Each night different meteorologists give us the probability that it will rain the next day. To judge how well these people predict, we will score each of them as follows: If a meteorologist says that it will rain with probability p, then he or she will receive a score of
1-(1-p)^2 if it does rain
1-p^2 if it does not rain
We will then keep track of scores over a certain time span and conclude that the meteorologist with the highest average score is the best predictor of weather.
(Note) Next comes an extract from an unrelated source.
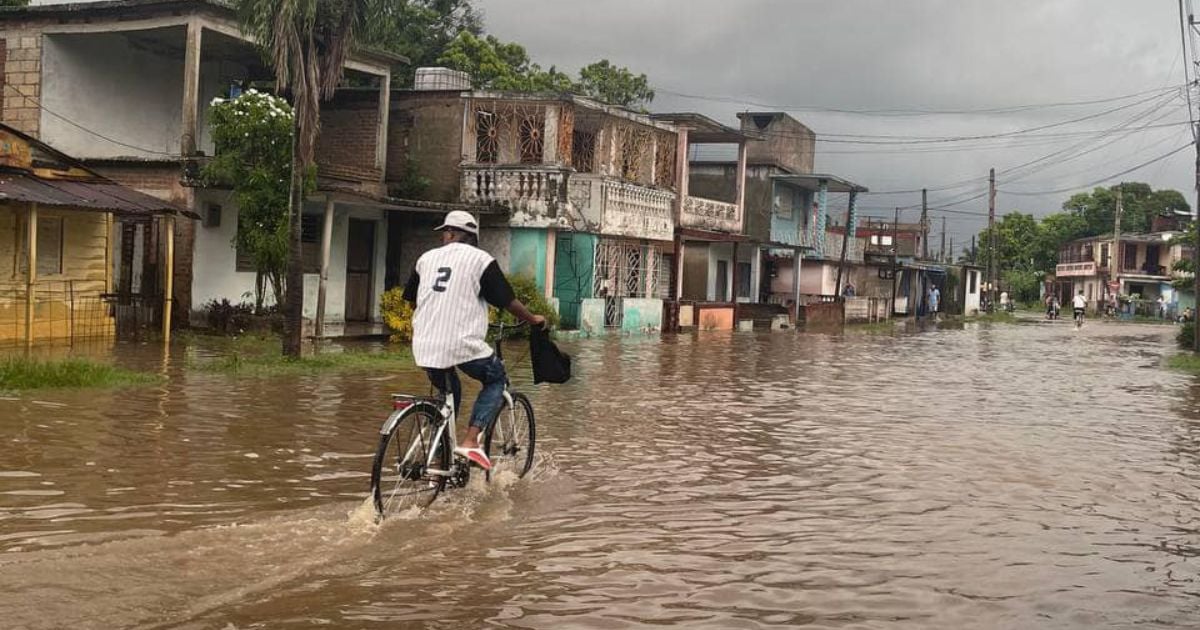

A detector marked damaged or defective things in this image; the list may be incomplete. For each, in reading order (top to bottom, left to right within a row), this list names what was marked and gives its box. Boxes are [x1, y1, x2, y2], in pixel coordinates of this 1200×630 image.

rusty metal roof [0, 168, 189, 217]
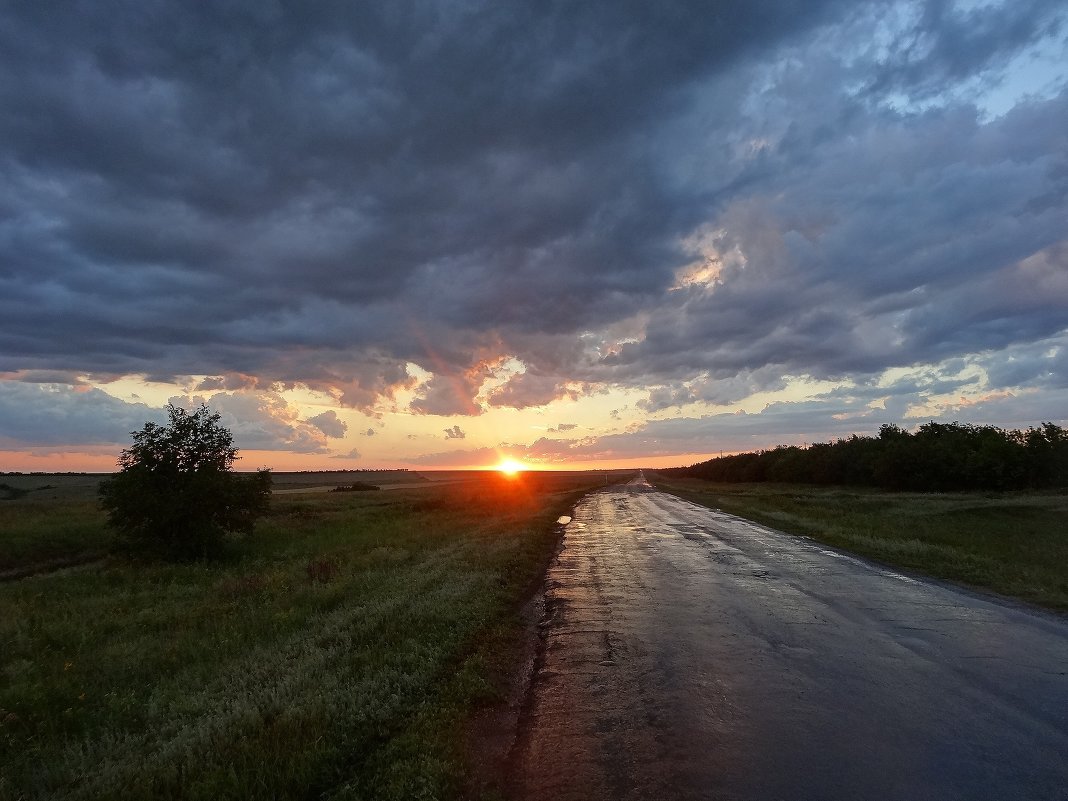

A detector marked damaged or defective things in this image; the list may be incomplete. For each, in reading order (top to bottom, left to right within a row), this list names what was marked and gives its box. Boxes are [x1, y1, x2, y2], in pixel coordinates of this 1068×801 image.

cracked asphalt [508, 476, 1068, 801]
Suppose now that a given meteorologist is aware of our scoring mechanism and wants to maximize his or her expected score. If this person truly believes that it will rain tomorrow with probability p*, what value of p should he or she assert so as to maximize the expected score?
1 Answers
Best Answer
Define random variable X that marks the score of a certain meteorologist at some day. If the says that it will rain (he says it with probability p*) and it really rains (with probability p), he gets score 1-(1-p)^2. Also, if he says that it will not rain and it really does not rain (with probability 1-p*) and it really does not rain (with probability 1-p), he get score 1-p^2. Hence
E(X)=p**(1-(1-p)^2)+(1-p*)*(1-p^2)
=2pp*-p*-p^2+1
We now have to analyse the function p mapsto E(X) and find its maximum on (0,1). We have that
(dE(X))/(dp)=2p*-2p=0
Left-> p=p*
So we have that the meteorologist maximezes it chances when p=p*, which is according to our intuition.